Thanks to the financing of Darpa and National Science Foundation (NSF), Wyder and colleagues found a way to change this situationstarting with a robotic magnetic stick called “Truss Link“Explains the.

Inspired by the toy, the investigators describe a Truss Link as a “simple bar -shaped module equipped with magnetic connectors freely that can expand, contract and connect with other modules at various angles. ”

This versatility and set of capabilities allow Truss to link to form increasingly complex physical structures.

In a series of laboratory experiences, the team demonstrated how these connections could self-skewed in two-dimensional forms. The team also showed how these two -dimensional forms could “Turning” into three-dimensional robots functional.

In the next phase, demonstrating robotic metabolism, the robots of the team further improved their abilities and functionality integrating new components into your design.

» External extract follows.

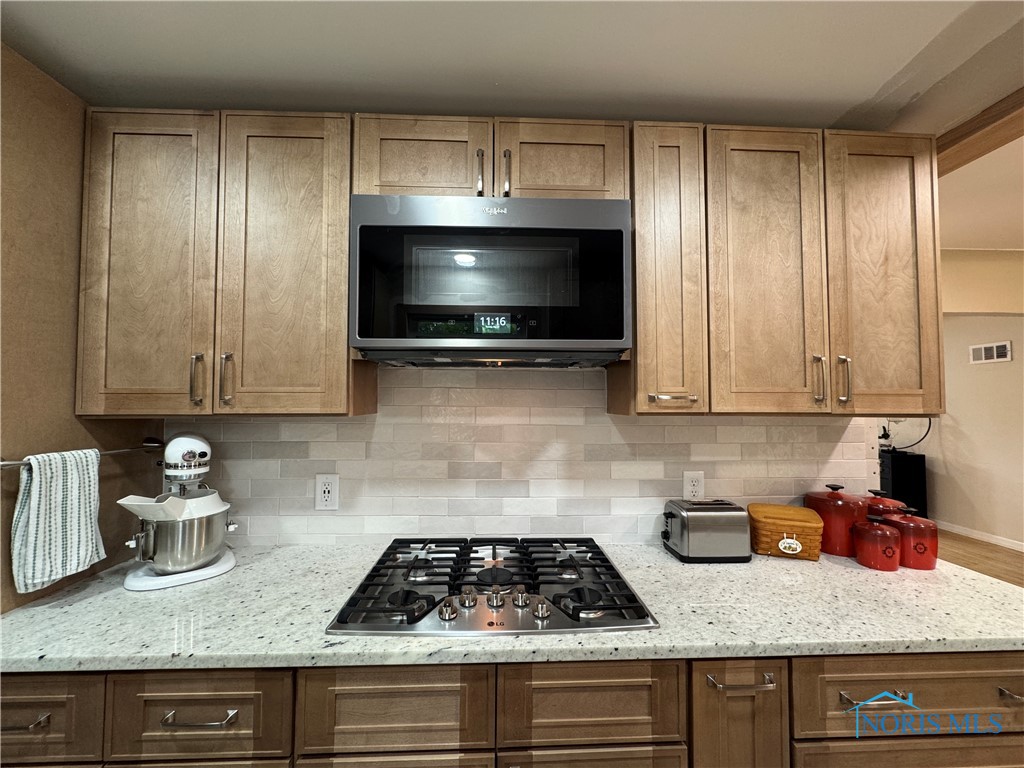 1226 Champe Road, Toledo, Ohio image 8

In an example of these robots “grow up” for more capable machines without external interference, one of the team’s three -dimensional robots of the team “Integrated” an additional connection that used as a cane.

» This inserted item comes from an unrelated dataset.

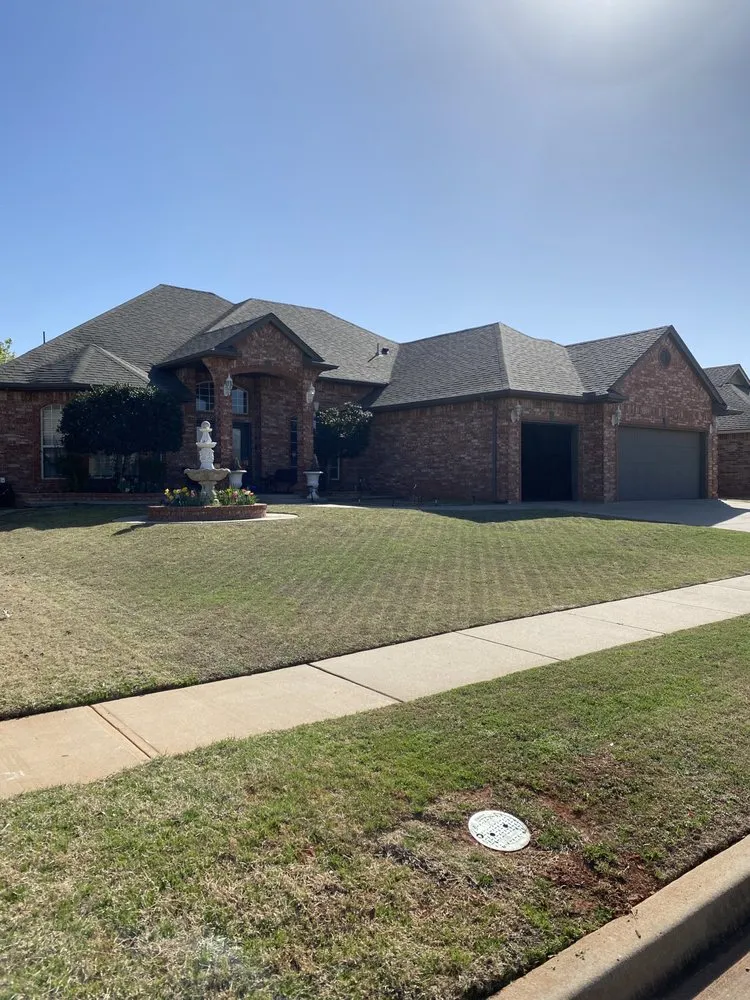 Local lawn care service experts serving Edmond, OK - Crazy Cutz Landscaping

According to the investigators, This simple car increased the speed robot descendant in more than 66.5%.

Lipson admits that idea of robots capable of adaptingimprove, grow and even self-produce “evokes some bad science fiction scenarios“.

However, the director of, where the work was conducted, emphasizes that Keep robots dependent on humans, even for simple maintenance, will become increasingly impractical – As the number of robotic systems we find and with which we interact in our daily lives should grow.

“The reality is that as we increasingly give our lives to robots – From cars without driver to industry automationand even space defense and exploitation, Who will take care of these robots? ”Asked Philippe Martin Wyder.

“We cannot trust humans to maintain these machines. Robots must ultimately Learn to take care of themselves“, Concludes the investigator.